→ **What you have to do**
Your copy runs from the line containing "Bali bácsi sekrestyés, Pekker" through the last line of the listing, both included. Restate those lines word for word and leave out pictures.

→ **Dataset excerpt**
· · · · · · ·

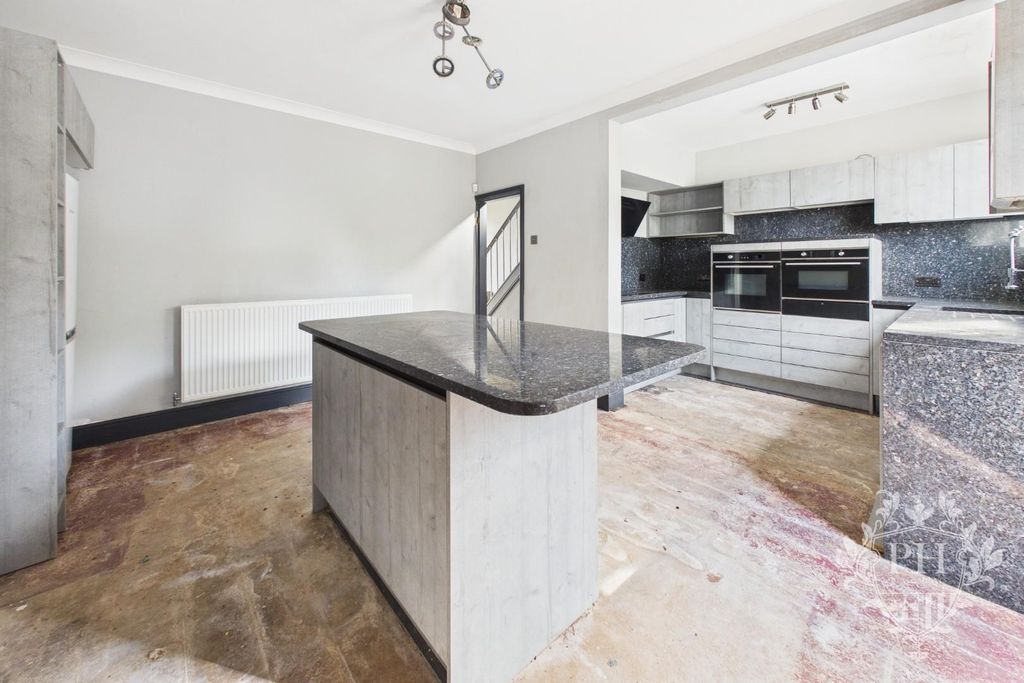 Property photo 3 of 11 B2953E526d734730Aede61317B4B17Ea_100_Cam02002G0-Pr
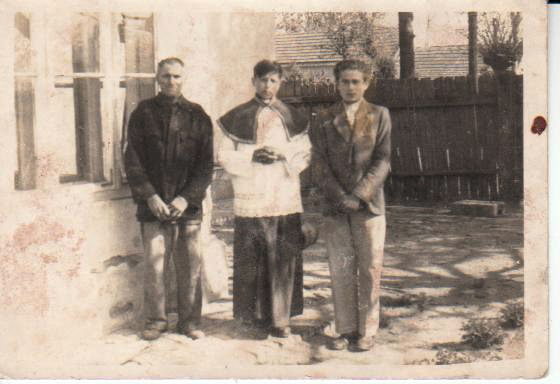 Bali bácsi sekrestyés, Pekker Mátyás ministráns, Schenk István kiskántor (1955)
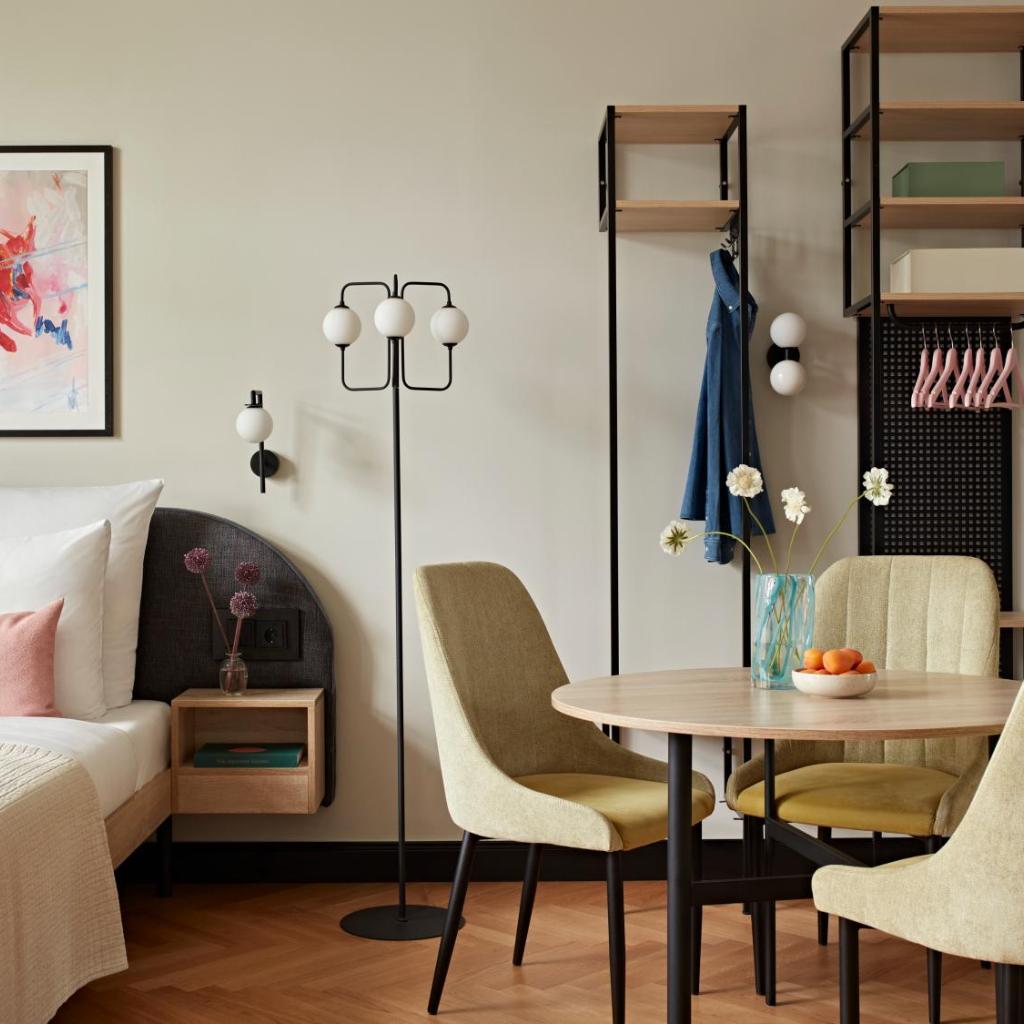 Photograph of Numa Berlin Novela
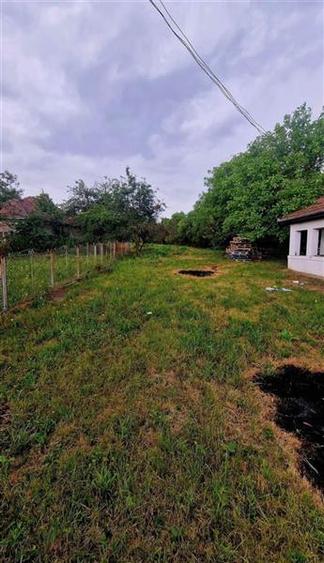Casă individuală cu 3 camere cu Canalizare în Aeroport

· · · · · · ·

→ **Answer to this problem**
 Bali bácsi sekrestyés, Pekker Mátyás ministráns, Schenk István kiskántor (1955)
 Photograph of Numa Berlin Novela
Casă individuală cu 3 camere cu Canalizare în Aeroport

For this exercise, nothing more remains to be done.